Oxford Üniversitesi Yayınları’nın 2024 yılı sonunda yayınladığı “Çocuklarda Yılın Kelimesi” dil raporuna göre çocukların %61’inin seçtiği kelime: Nezaket. İlgimi çokça çekti ve beni oldukça heyecanlandırdı bu seçim.
Hatırlarsanız geçtiğimiz haftalarda Türk Dil Kurumu ve Ankara Üniversitesi İletişim Araştırmaları ve Uygulama Merkezi iş birliği ile yapılan oylama sonucunda “Kalabalık Yalnızlık” kavramının yılın kelimesi seçilmesi üzerine bir denememiz olmuştu. Orada kelimelerin gücü üzerine zaten bol bol konuşmuştuk.

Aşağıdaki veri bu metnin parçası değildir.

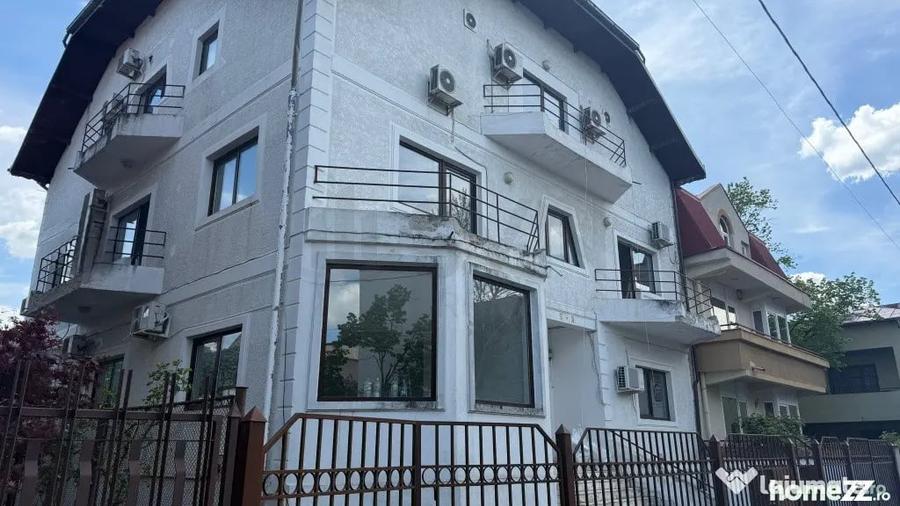 Casă cu 7 camere cu Teren 303 Mp în Domenii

Dün ise bence çok daha fazla haber değeri olan bir kelime seçimi gönderisi ile karşılaştım. Haber değerini “Kalabalık Yalnızlık”a nazaran daha fazla atfedişimin sebebi ise, çocuklar.
Oxford Üniversitesi Yayınları’nın 2024 yılı sonunda yayınladığı “Çocuklarda Yılın Kelimesi” dil raporuna göre çocukların %61’inin seçtiği kelime: Nezaket. İlgimi çokça çekti ve beni oldukça heyecanlandırdı bu seçim. Çünkü hatırlarsanız bir de “Brat” konuşmuştuk bundan evvel. Oldukça korkunç ve rahatsız edici bir gidişattı. Çocukların ilk üçe giren diğer kelimeler ise Yapay Zeka ve Çatışma. İkinci ve üçüncüler benim de ilgimi çekmiyor genel anlamda da; “en” olanla ilgileniyoruz toplumca.
Nezaket kelimesinin seçilmesinin beni bu kadar etkilemesinin altında tabii ki hem toplumsal hem de özel nedenlerim saklı. Hatta kelimeyi okuduğumda “ufak çaplı bir şok geçirdim” de desem abartı olmaz. Çünkü son birkaç hafta benim de kendi hayatımda nezaket, kabalık, hadsizlik, yerini bilememe gibi durumlar üzerine çok kafa yorduğum bir haftaydı. Yanlış anlaşılmasın, bu sefer iğneyi başkasına çuvaldızı kendime batırarak yaptım bunu.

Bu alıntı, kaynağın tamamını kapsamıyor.